あのまま、あの部屋で名無しさんを待っていては、彼女が来た途端に押し倒してしまいそうだ。
「文則様?」
と、丁度、寝室を出た所で遣って来た名無しさんと鉢合わせ、その割には着替えを済ませた様子のない于禁に彼女は目を瞬かせた。
「どうかなさったんですか?」
「い、いや・・・」
まさか、名無しさんを押し倒してしまいそうだから出て来たなどと言える筈もなく、于禁は言葉を濁し、取って返して寝室に戻る。
可笑しな文則様、名無しさんは首を傾げながらも彼に付いて寝室に入って行った。
着替えを手伝うと言っても、名無しさんが于禁の身ぐるみを脱がせて着せる訳ではなく、脱いだものを纏めたり、必要なものを順番に手渡すだけだ。
一枚、また一枚と服を重ねる度に、別れに近付いているとは大袈裟に過ぎるが、二人の心境を表すのに不足はない。
着替えている間位しか一緒に居られない、于禁の服に袖を通す動きも、名無しさんの帯を手渡す動きも、無意識に遅くなっていた。
最後に帯を締めた所で、于禁は名無しさんに声を掛けた。
「名無しさん、何かあったら・・・」
「はい、直ぐに文則様にお知らせします」
于禁は微笑む彼女の腰に手を伸ばして引き寄せると、空いている一方の手で、その小さな耳を撫でる。
せめて口付けを交わす時間位は許されても良いだろう。
「文則様・・・」
自分の名を呟く彼女の唇に、背中を丸め、目を細めながら顔を近付けて行った。
しかし、今にも触れ合いそうな所で、名無しさんに両の掌を唇に重ねて宛てられ、それ以上、進む事を阻まれてしまう。
「駄目・・・」
と、聞こえて来た声に、于禁は驚いて閉じ掛けていた目を開く。
拒絶されたのは初めてだ。
于禁はどう反応して返したら良いのか戸惑い、目に見えて狼狽えた。
そんな彼に名無しさんは困ったように形の良い眉を寄せて言う。
「違うんです、本当は・・・して欲しいんです。

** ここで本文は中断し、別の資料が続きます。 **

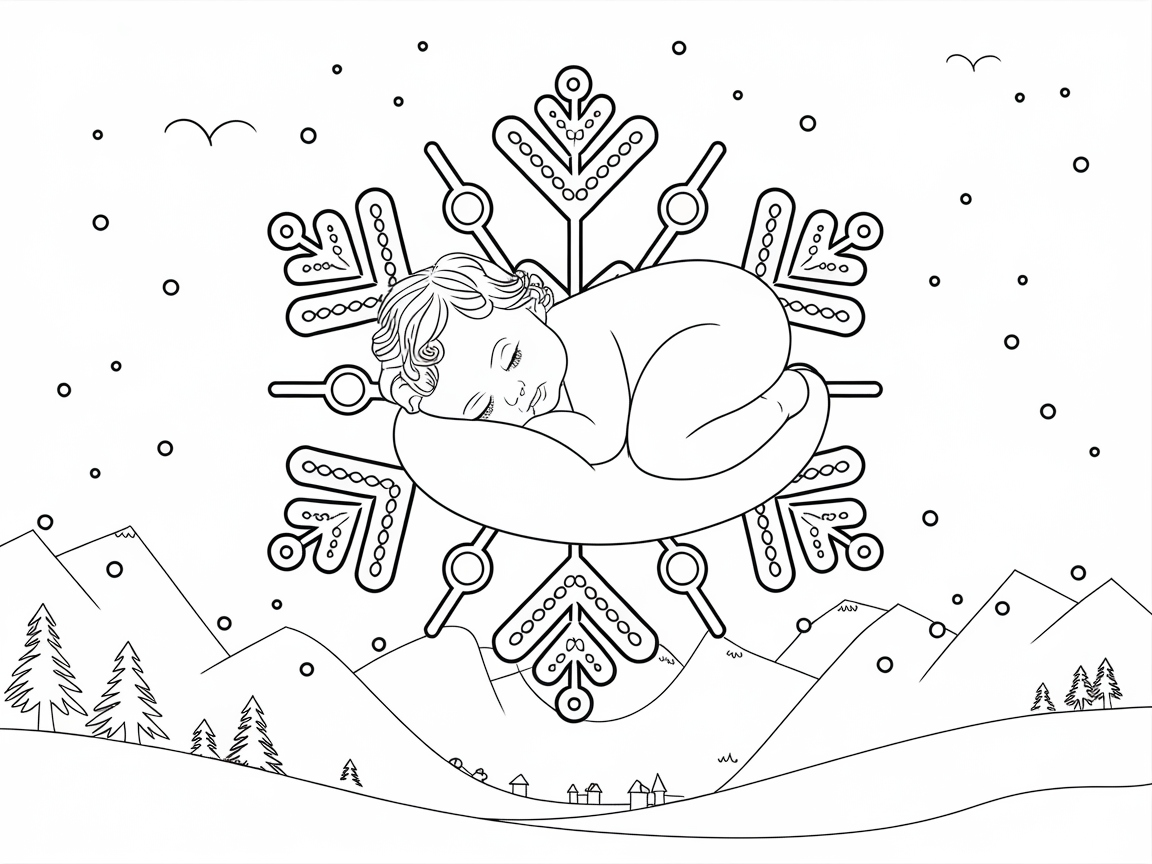 Dreamy Winter Slumber with a Baby Angel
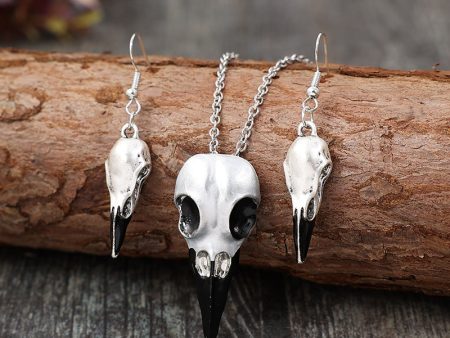 Wholesale Vintage Skull Crow Head Alloy Clavicle Chain  Mardi Gras Earrings Set Online Sale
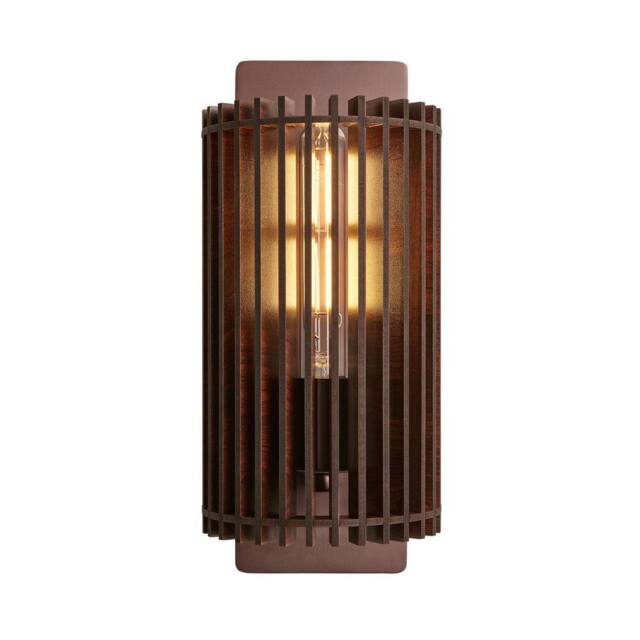 Industville Rift Slatted Wooden Wall Light - Dark in Bronze - Size: Medium - image 1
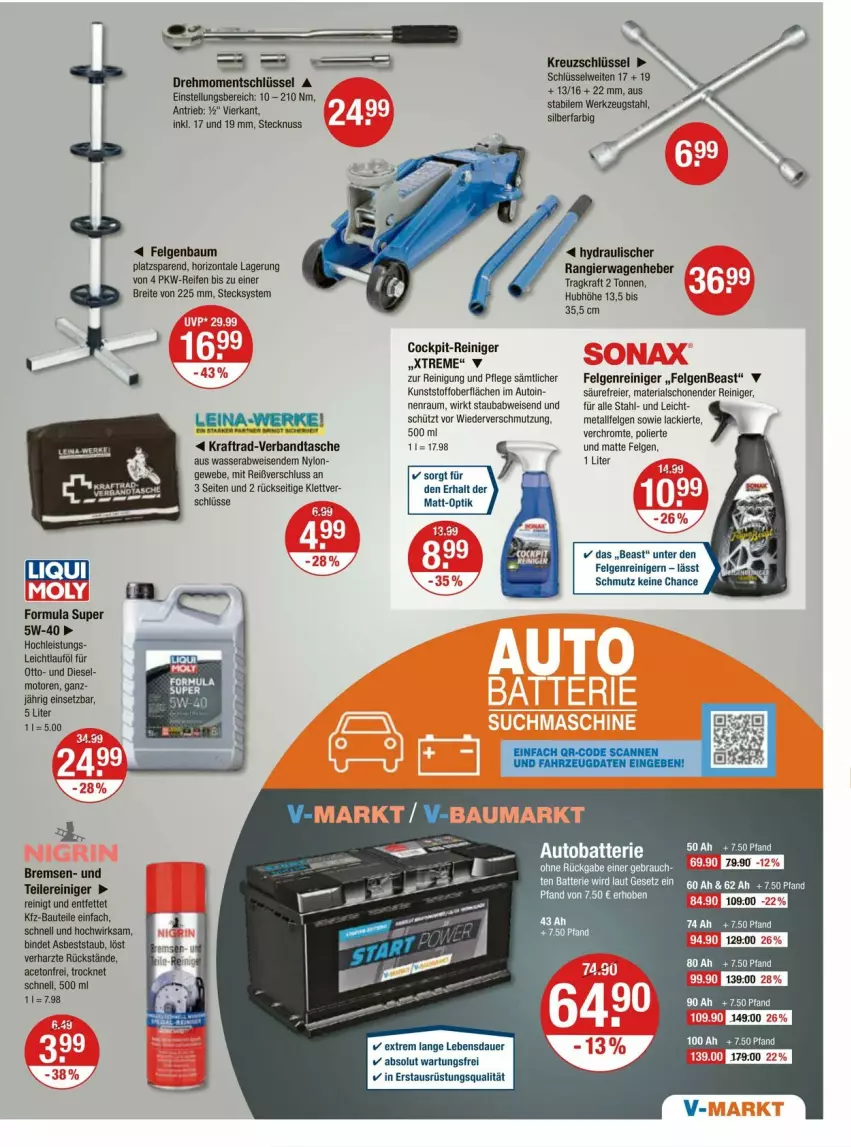 Aktueller Prospekt Vmarkt - Prospekte - von 28.03 bis 03.04.2024 - strona 19 - produkty: aceto, auer, auto, Bau, Brei, Diesel, eier, eis, felgen, Felgenreiniger, kraft, lack, LG, nuss, reifen, reiniger, Reinigung, Ria, Tasche, Ti, wasser, werkzeug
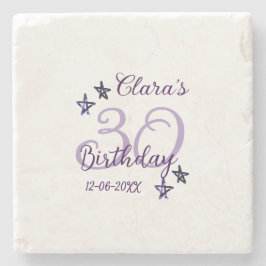 Lila glitter stjärnor 30års födelsedag moderna ref stenunderlägg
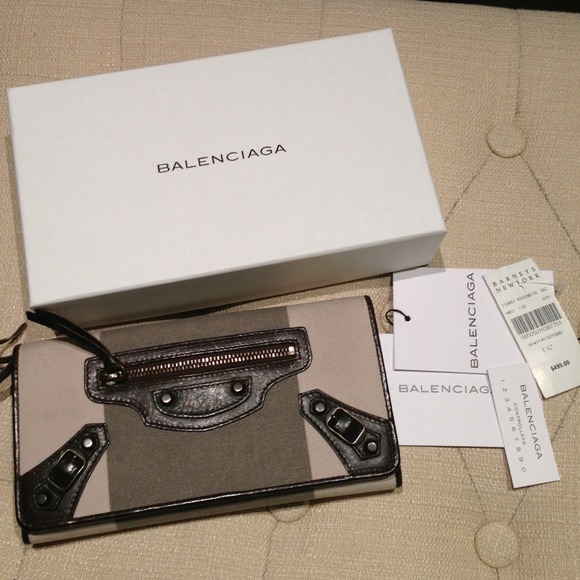Balenciaga Clutches & Wallets - Balenciaga  Arena Classic Toile Raye Money Wallet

でも、駄目なの」
名無しさんはほんのりと頬を染め、上目遣いに于禁を見上げ、続けて言った。
「我慢、できなくなっちゃう・・・」
お忙しくしているのを分かっているのに、引き留めて、行かないでって我が儘を言いそうな自分が居る。
それを聞いて、于禁は胸を詰まらせ、体を強張らせた。
我が妻は何と愛らしい表情で、愛らしい事を言うのか。
これを堪えねばならんとは、かなり苛酷だ。
于禁は必死になって、自身の様々な感情を、どちらかと言えば碌に名無しさんに触れられずに溜まり続けている欲を、圧し殺さなければならなかった。
「・・・そうか」
やっとの思いで、そう言って于禁は名無しさんの腰を抱いていた手を緩める。
口付けは諦め、代わりに名無しさんの頬を優しく撫でた。
愛しているから愛していると伝えて示す事を拒まれる時が来るとは想像もしていなかったが、愛がなくなった訳ではないのだ。
「愛の苦しみは甘くもある」、この忙しい日々が終わったら、存分に名無しさんを愛そう。
それを楽しみに、于禁は自宅を後にした。